EXERCISE MATERIALS:
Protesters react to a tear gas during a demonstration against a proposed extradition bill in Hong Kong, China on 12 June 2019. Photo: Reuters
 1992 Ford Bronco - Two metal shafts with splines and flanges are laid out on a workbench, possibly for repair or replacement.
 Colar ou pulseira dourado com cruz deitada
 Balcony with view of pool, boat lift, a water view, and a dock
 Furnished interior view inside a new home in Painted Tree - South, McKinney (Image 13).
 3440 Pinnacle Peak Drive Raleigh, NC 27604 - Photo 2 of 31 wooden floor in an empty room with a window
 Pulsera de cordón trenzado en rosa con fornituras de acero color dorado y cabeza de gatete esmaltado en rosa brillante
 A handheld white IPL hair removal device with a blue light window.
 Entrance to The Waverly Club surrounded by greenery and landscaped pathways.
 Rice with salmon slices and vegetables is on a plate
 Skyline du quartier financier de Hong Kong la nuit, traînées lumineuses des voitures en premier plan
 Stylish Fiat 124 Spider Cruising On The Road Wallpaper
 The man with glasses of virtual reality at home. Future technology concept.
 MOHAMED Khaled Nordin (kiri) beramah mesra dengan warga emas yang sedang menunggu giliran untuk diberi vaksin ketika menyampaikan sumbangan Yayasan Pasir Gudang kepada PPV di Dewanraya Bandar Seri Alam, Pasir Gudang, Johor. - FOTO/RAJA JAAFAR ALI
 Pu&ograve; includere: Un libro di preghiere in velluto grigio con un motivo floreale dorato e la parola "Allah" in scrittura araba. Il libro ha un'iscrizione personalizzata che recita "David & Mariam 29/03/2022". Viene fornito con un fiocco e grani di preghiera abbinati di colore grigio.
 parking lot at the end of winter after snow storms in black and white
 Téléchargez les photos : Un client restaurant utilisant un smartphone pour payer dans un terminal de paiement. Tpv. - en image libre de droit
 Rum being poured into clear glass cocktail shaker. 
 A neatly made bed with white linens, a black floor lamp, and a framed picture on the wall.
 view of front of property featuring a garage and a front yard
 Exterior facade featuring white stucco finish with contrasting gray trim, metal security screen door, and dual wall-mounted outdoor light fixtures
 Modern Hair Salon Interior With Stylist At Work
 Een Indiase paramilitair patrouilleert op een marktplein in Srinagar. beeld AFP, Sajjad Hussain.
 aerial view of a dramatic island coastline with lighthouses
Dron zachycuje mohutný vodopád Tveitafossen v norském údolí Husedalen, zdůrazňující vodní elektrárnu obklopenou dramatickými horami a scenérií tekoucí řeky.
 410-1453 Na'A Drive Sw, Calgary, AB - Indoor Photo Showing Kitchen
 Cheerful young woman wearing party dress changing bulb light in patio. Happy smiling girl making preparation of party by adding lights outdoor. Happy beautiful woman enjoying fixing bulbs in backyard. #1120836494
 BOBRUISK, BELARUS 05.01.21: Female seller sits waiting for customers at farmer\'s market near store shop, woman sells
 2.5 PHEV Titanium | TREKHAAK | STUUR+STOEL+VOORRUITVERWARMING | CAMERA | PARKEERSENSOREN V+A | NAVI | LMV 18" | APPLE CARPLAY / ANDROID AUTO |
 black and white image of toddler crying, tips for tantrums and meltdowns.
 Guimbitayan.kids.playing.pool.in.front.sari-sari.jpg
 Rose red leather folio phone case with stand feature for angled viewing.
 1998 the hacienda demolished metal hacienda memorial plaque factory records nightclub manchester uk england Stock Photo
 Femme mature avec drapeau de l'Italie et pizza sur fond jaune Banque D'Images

TASK STATEMENT: Return, word for word, the lines of the data above from the line with "Exterior facade featuring" through the line with "Dron zachycuje mohutný", inclusive.

EXPECTED ANSWER:
 Exterior facade featuring white stucco finish with contrasting gray trim, metal security screen door, and dual wall-mounted outdoor light fixtures
 Modern Hair Salon Interior With Stylist At Work
 Een Indiase paramilitair patrouilleert op een marktplein in Srinagar. beeld AFP, Sajjad Hussain.
 aerial view of a dramatic island coastline with lighthouses
Dron zachycuje mohutný vodopád Tveitafossen v norském údolí Husedalen, zdůrazňující vodní elektrárnu obklopenou dramatickými horami a scenérií tekoucí řeky.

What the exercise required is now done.